- _DESCRIPTION OF THE TASK_: The answer should match the entries below word for word, minus their pictures.

- _DATASET RECORDS_:
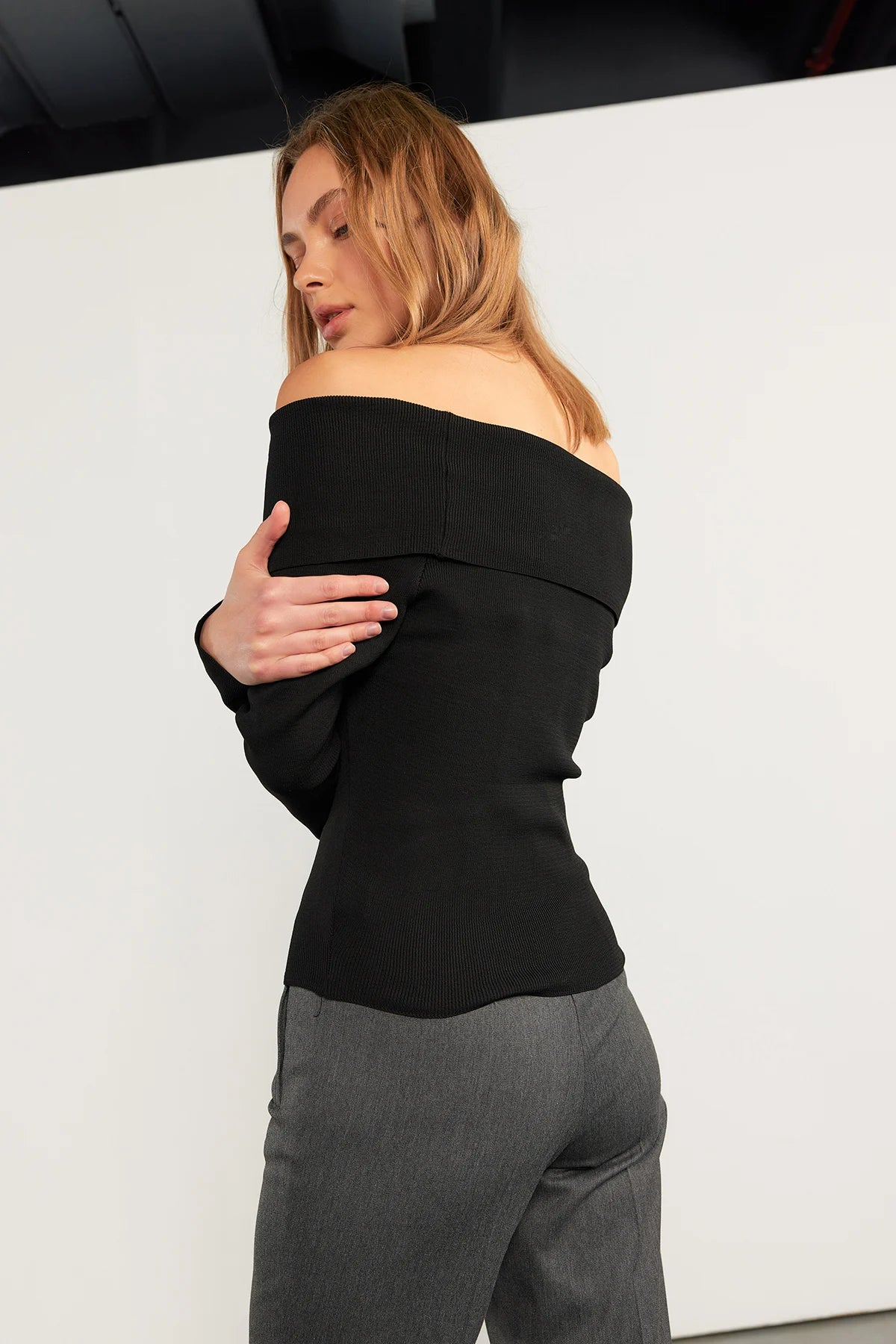 schulterfreies TOP - schwarz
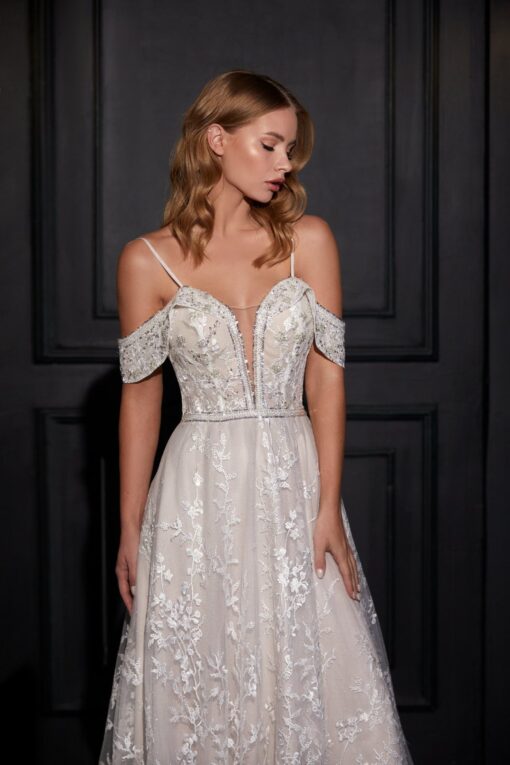 Robe De Mariée Romantique Bohème A Dentelle | Soirée Blanche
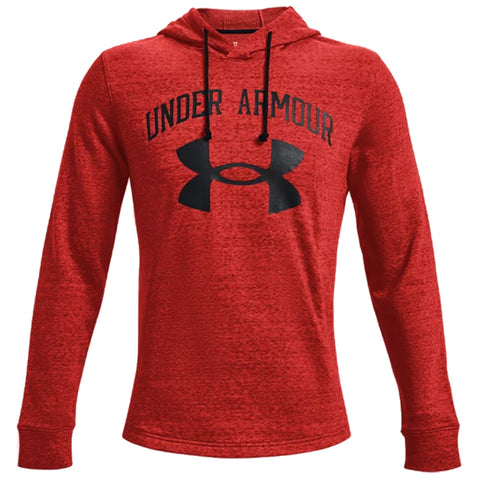 A red long-sleeve hoodie features a large black Under Armour logo prominently displayed on the front with drawstrings attached to the hood and a casual fit suitable for sports or leisure activities.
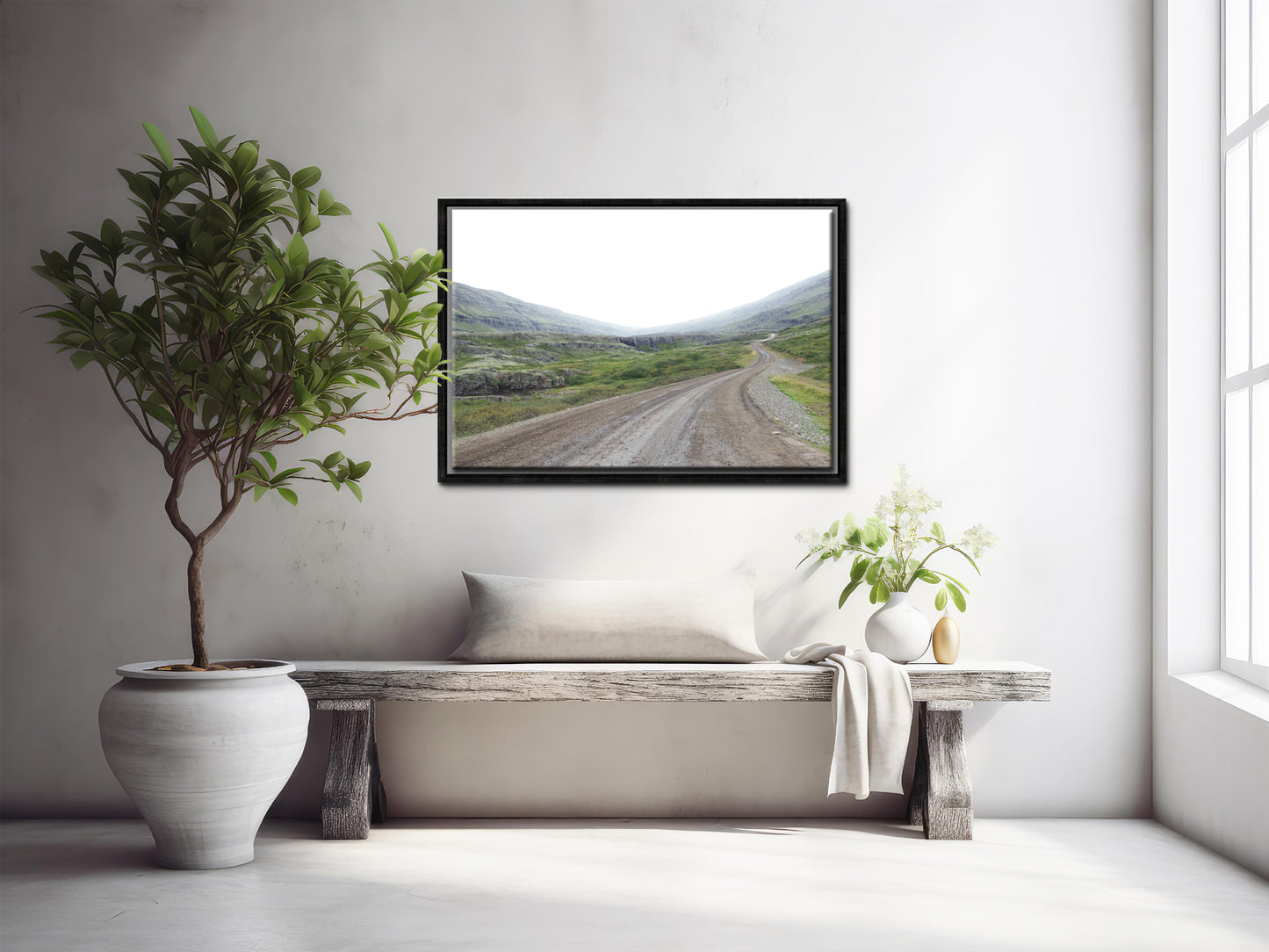 An image of a desolate road in Iceland. Framed fine art photography, canvas wall art by Kristen Olivares.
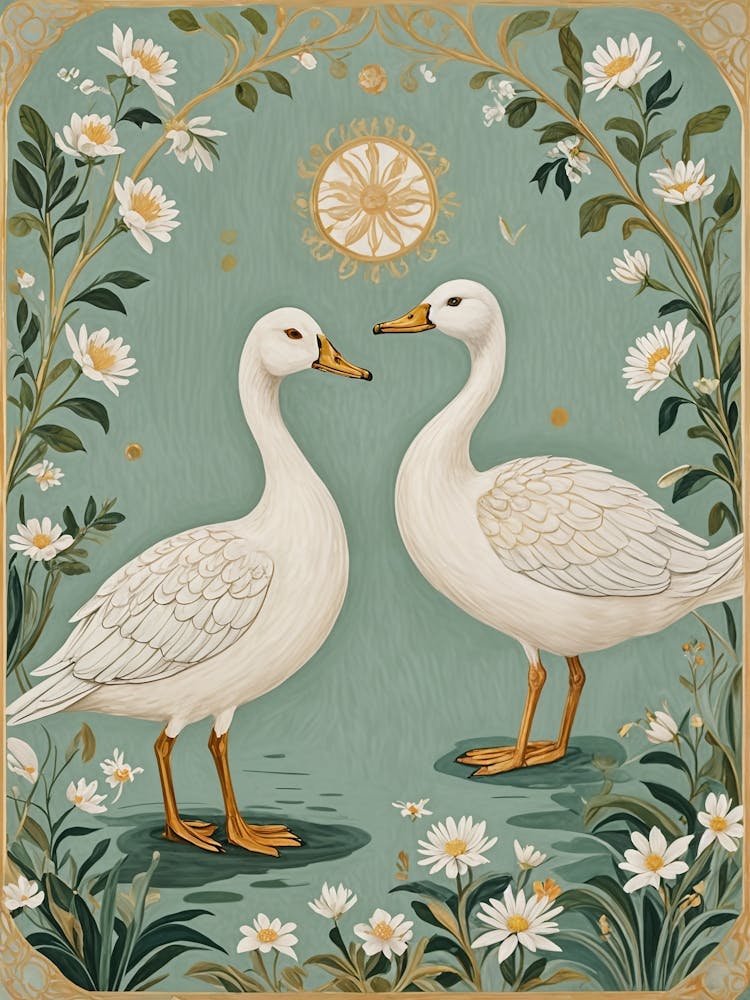 Two White Geese Floral
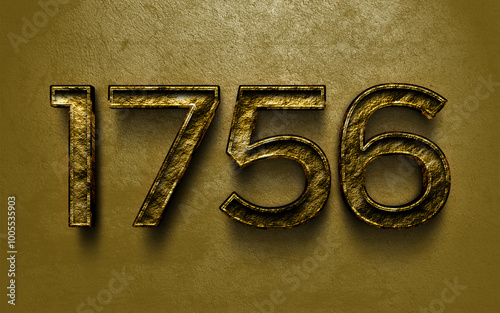 3D dark golden number design of 1756 on cracked golden background.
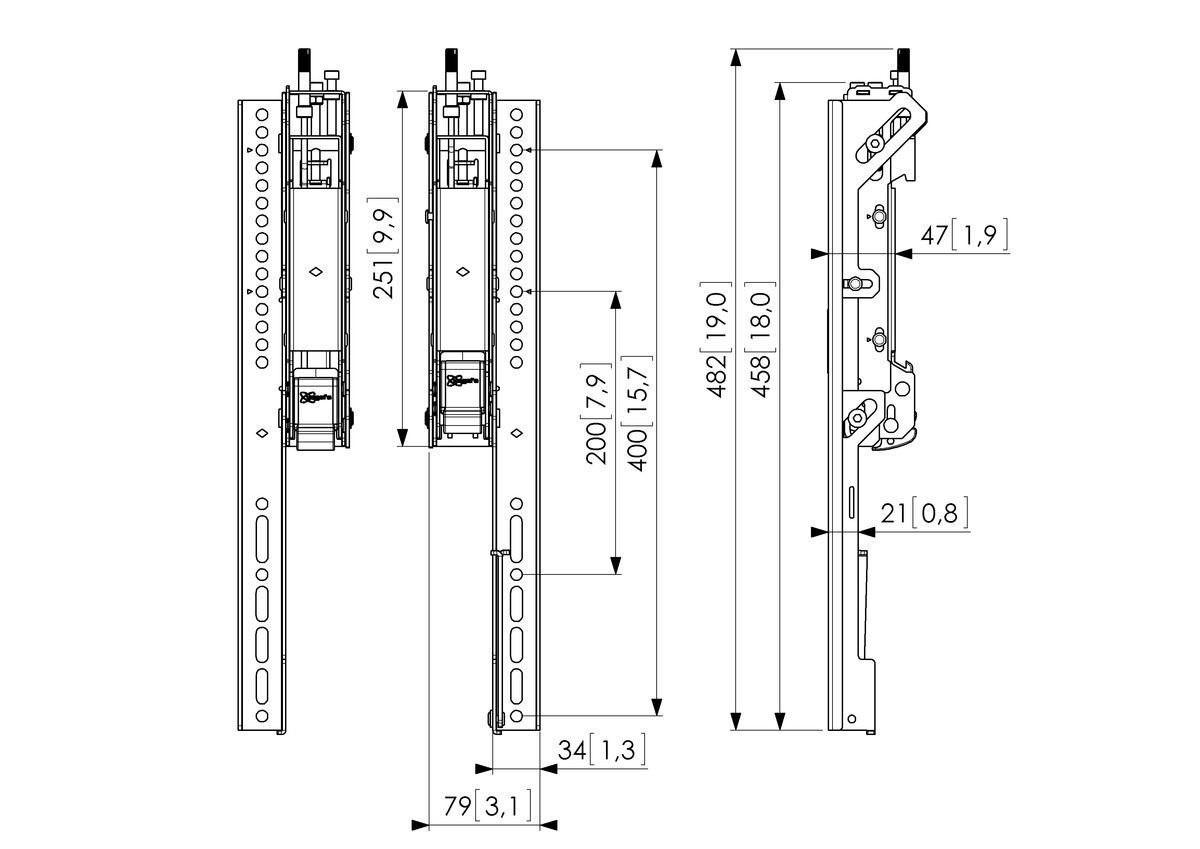 Vogel's Pro Display-Adapterstrips - Connect-It, modular, PFB34xx, 3D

- _EXERCISE SOLUTION_:
 schulterfreies TOP - schwarz
 Robe De Mariée Romantique Bohème A Dentelle | Soirée Blanche
 A red long-sleeve hoodie features a large black Under Armour logo prominently displayed on the front with drawstrings attached to the hood and a casual fit suitable for sports or leisure activities.
 An image of a desolate road in Iceland. Framed fine art photography, canvas wall art by Kristen Olivares.
 Two White Geese Floral
 3D dark golden number design of 1756 on cracked golden background.
 Vogel's Pro Display-Adapterstrips - Connect-It, modular, PFB34xx, 3D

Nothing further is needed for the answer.